Life has taken me back 12 years. It was in year 2000 when a few years after having graduated as an engineer and working as a software developer I landed in Hyderabad (India). Part of a start-up dreaming to make it big during the dot com boom. From the moment I was here, I fell in love with the city. The coconut palms, the southern breeze and great work. After a few months and having exhausted all avenues of keeping myself busy and entertained on weekends, I ended up in a hamlet right behind Golconda fort. I was looking to volunteer, and the community here – especially women – were looking for support. After a few conversations, we settled on a long-term action plan. I would give the women the money to buy raw material and the tools, and the women would do what they were best at – Hand embroidery, weaving and knitting. That’s how Fateh (meaning victory) was born. The size of the group grew and so did our confidence. Now I was convinced that projects helping the poor were possible, and you needed no charity for that. With the Fateh women on their own, I moved back to Delhi where my family was. It took me some time but finally everyone gave in to my plans of starting a non-profit. So in the fall of 2001, The Vigyan Vijay Foundation (V.V.F) came into being. The grassroots organization is chugging along, having touched more than 10,000 lives in its 11 years.

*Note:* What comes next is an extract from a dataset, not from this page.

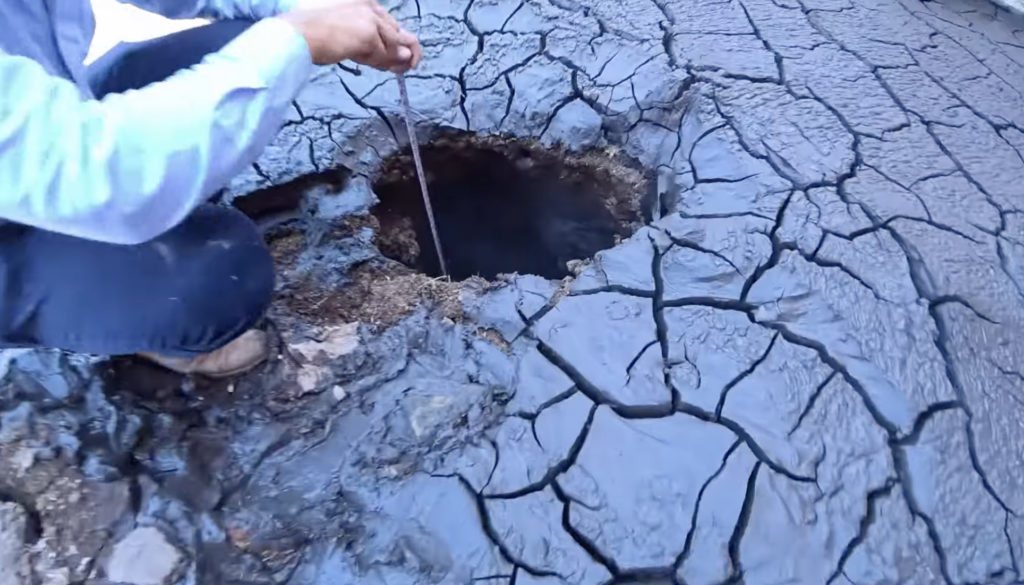 Especialistas descartan que fenómeno en Ixtlán de los Hervores sea volcán o géiser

In 2006, I gave up my Program Director’s job in V.V.F, though I am still on the Board. It is always heartwarming to see how much good V.V.F is doing in its community, but there is still something missing. There are many V.V.F’s in India, all working tirelessly and incessantly to make the lives of those around them better. But what we are able to do is only a miniscule part of what the country really needs. How much difference can grassroots organizations like V.V.F make without changing the system? For a few years I went around working with other non-profits, talking to thinkers, doers and academicians. Slowly, the idea of going to school took root. I learned about the graduate programs in public policy in various schools in the United States, and one of them had me hooked. Its tag line said – What happens here changes the world. That’s how I came to LBJ.

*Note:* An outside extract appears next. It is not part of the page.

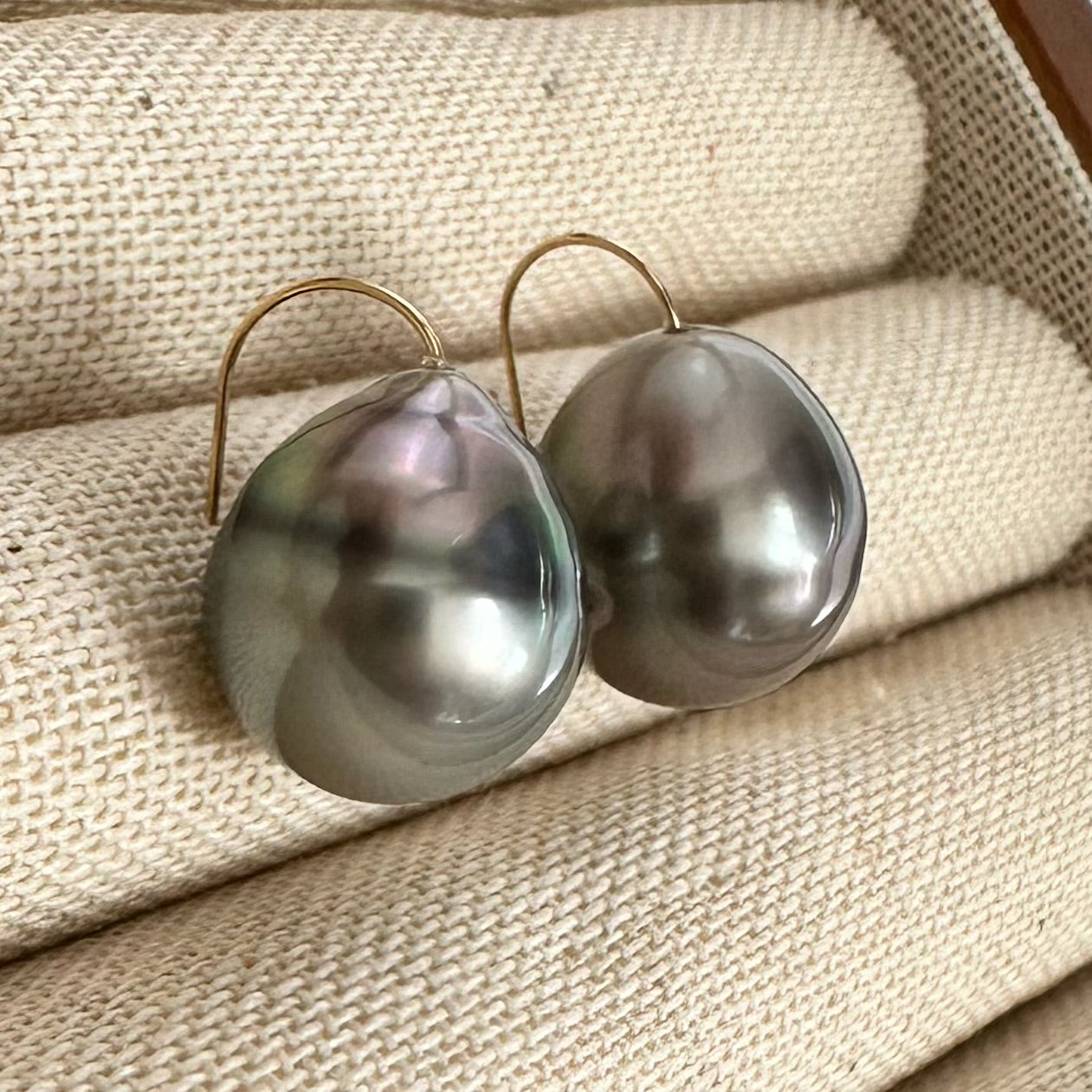 一点もの　k18 tahiti pearl  ピアス - hikari pearl.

In the first year of the MPAff program, I struggled – trying to always apply what I am learning in the context of my country and in the rest of the developing world. Without ever planning, my interests and my work drifted towards the field of health care and health care policy. It was fitting since health care has become the biggest challenge not just in developing countries but also in the most developed ones. When looking for my internship, I knew I had to be in an organization working in the developing world with a focus on health care.
ACCESS Health International is everything I was looking for. It is closely working with the government of India, state governments, the World Bank in India and other international development organizations like Results for Development. It is actively working on building a knowledge base that will bring to the foreground various innovations happening in the health sector in India and the rest of the world. At the same time, it is working to build a community of practice that will bring together different stakeholders in the sector to share their resources and expertise. Most importantly, it is building up as an interface to government at different levels, and becoming the government’s go-to for finding data on different aspects of health care access and delivery.
In my 10 weeks here, I am studying specific for-profit models in primary care that have a scope for adoption by the public sector. We will also be studying the scope of public-private partnerships (PPP) in health care that can be based on these models, as is or with some modification. In a team lunch, Sofi Bergkvist, executive director of AHI, shared her experience from a conference she had been to. There were participants from Brazil and South Africa. They were talking about PPP’s being implemented in their countries over the last few years and the structural framework they have built to implement and support these partnerships. India has had PPP’s for over a decade now, we are still lacking however a standard institutional and structural framework in the field. It’s about time we shift our focus from grassroots innovations and work to build a policy framework that will take the best of these innovations and reach the whole country. That’s the mission AHI is following, and I am lucky to be part of this crusade.